Visualize the differences between model predictions.

In [None]:
# Calculate pairwise differences between models
if len(prob_maps) >= 2:
    model_names_list = list(prob_maps.keys())
    n_models = len(model_names_list)
    
    # Calculate mean absolute differences
    diff_matrix = np.zeros((n_models, n_models))
    
    for i, name1 in enumerate(model_names_list):
        for j, name2 in enumerate(model_names_list):
            if i != j:
                diff = np.abs(prob_maps[name1] - prob_maps[name2]).mean()
                diff_matrix[i, j] = diff
    
    # Plot heatmap
    fig, ax = plt.subplots(figsize=(10, 8))
    im = ax.imshow(diff_matrix, cmap='YlOrRd', vmin=0)
    
    # Set ticks
    ax.set_xticks(range(n_models))
    ax.set_yticks(range(n_models))
    ax.set_xticklabels(model_names_list, rotation=45, ha='right')
    ax.set_yticklabels(model_names_list)
    
    # Add text annotations
    for i in range(n_models):
        for j in range(n_models):
            text = ax.text(j, i, f'{diff_matrix[i, j]:.4f}',
                          ha="center", va="center", color="black", 
                          fontsize=11, fontweight='bold')
    
    ax.set_title('Mean Absolute Difference Between Model Predictions',
                fontsize=14, fontweight='bold', pad=20)
    
    cbar = plt.colorbar(im, ax=ax, fraction=0.046, pad=0.04)
    cbar.set_label('Mean Absolute Difference', fontsize=11, rotation=270, labelpad=20)
    
    plt.tight_layout()
    plt.savefig(figures_dir / 'models_difference_heatmap.png', 
                dpi=300, bbox_inches='tight')
    plt.show()
    
    print(f"Saved: {figures_dir / 'models_difference_heatmap.png'}")

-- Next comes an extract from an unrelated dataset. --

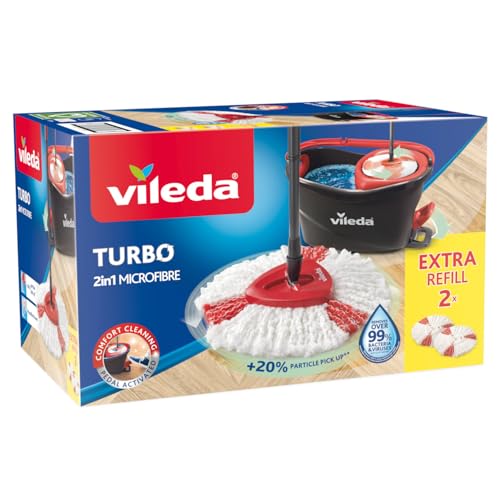 Vileda Turbo Microfibre Mop and Bucket Set with Extra 2-in-1 Head Replacement - Made in Italy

## 10. Save Comparison Summary

In [None]:
# Save summary report
summary_path = outputs_dir / 'all_models_comparison_summary.txt'
with open(summary_path, 'w', encoding='utf-8') as f:
    f.write("="*80 + "\n")
    f.write("ALL MODELS COMPARISON SUMMARY\n")
    f.write("="*80 + "\n\n")
    
    f.write("DEFORESTATION STATISTICS:\n")
    f.write("-"*80 + "\n")
    for data in stats_data:
        f.write(f"\n{data['Model']}:\n")
        f.write(f"  Deforestation: {data['Deforestation (%)']:.2f}%\n")
        f.write(f"  Area: {data['Area (km²)']:.2f} km²\n")
        f.write(f"  Mean Probability: {data['Mean Probability']:.4f}\n")
    
    if len(cnn_binary_maps) >= 2:
        f.write("\n\nCNN MODELS AGREEMENT:\n")
        f.write("-"*80 + "\n")
        for i, (count, pct) in enumerate(zip(agreement_counts, agreement_pcts)):
            f.write(f"  {i} models agree: {count:,} pixels ({pct:.2f}%)\n")
    
    f.write("\n\nGENERATED FIGURES:\n")
    f.write("-"*80 + "\n")
    f.write("  - all_models_probability_comparison.png\n")
    f.write("  - all_models_binary_comparison.png\n")
    f.write("  - all_models_statistics_comparison.png\n")
    f.write("  - cnn_models_agreement.png\n")
    f.write("  - models_difference_heatmap.png\n")

print(f"Summary saved to: {summary_path}")

# Display summary
with open(summary_path, 'r', encoding='utf-8') as f:
    print("\n" + f.read())

## 11. Summary

This notebook has generated comprehensive comparisons between all 4 deforestation detection models:

**Visualizations created:**
1. Side-by-side probability maps (2×2 grid)
2. Side-by-side binary classification maps (2×2 grid)
3. Statistics comparison (bar charts)
4. CNN models agreement analysis
5. Model differences heatmap

**Key insights:**
- Compare deforestation estimates across different model architectures
- Identify areas of high agreement (high confidence predictions)
- Identify areas of disagreement (uncertain predictions)
- Evaluate trade-offs between CNN models and traditional ML (Random Forest)

All figures have been saved to `figures/` directory for inclusion in your thesis.